[Source information Boundary: Start]

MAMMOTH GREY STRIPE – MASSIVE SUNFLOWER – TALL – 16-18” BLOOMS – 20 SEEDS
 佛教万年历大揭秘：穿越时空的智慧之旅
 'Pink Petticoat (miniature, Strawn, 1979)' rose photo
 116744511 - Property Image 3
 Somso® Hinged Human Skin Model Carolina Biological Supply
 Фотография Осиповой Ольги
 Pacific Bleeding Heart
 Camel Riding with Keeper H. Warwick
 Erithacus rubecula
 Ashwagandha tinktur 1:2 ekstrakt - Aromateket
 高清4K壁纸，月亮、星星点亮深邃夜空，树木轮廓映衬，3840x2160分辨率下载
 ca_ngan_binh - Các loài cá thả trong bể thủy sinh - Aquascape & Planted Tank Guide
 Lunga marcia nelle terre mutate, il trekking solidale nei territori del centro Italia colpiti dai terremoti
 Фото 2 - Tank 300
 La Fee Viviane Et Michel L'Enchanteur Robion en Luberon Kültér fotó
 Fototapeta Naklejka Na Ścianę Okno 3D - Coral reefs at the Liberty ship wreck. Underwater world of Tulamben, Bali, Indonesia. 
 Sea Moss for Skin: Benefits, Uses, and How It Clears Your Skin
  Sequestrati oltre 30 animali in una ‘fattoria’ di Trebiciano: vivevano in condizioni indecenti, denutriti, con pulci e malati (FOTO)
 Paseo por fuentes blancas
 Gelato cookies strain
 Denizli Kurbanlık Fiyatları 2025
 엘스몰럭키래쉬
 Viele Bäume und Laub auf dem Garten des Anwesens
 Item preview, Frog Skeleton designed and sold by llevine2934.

[Source information Boundary: End]

■ Brief ■
The line with "Sea Moss for" is the last to include; transcribe exactly every line from the top of the material above down to it.

■ Response to this exercise ■
MAMMOTH GREY STRIPE – MASSIVE SUNFLOWER – TALL – 16-18” BLOOMS – 20 SEEDS
 佛教万年历大揭秘：穿越时空的智慧之旅
 'Pink Petticoat (miniature, Strawn, 1979)' rose photo
 116744511 - Property Image 3
 Somso® Hinged Human Skin Model Carolina Biological Supply
 Фотография Осиповой Ольги
 Pacific Bleeding Heart
 Camel Riding with Keeper H. Warwick
 Erithacus rubecula
 Ashwagandha tinktur 1:2 ekstrakt - Aromateket
 高清4K壁纸，月亮、星星点亮深邃夜空，树木轮廓映衬，3840x2160分辨率下载
 ca_ngan_binh - Các loài cá thả trong bể thủy sinh - Aquascape & Planted Tank Guide
 Lunga marcia nelle terre mutate, il trekking solidale nei territori del centro Italia colpiti dai terremoti
 Фото 2 - Tank 300
 La Fee Viviane Et Michel L'Enchanteur Robion en Luberon Kültér fotó
 Fototapeta Naklejka Na Ścianę Okno 3D - Coral reefs at the Liberty ship wreck. Underwater world of Tulamben, Bali, Indonesia. 
 Sea Moss for Skin: Benefits, Uses, and How It Clears Your Skin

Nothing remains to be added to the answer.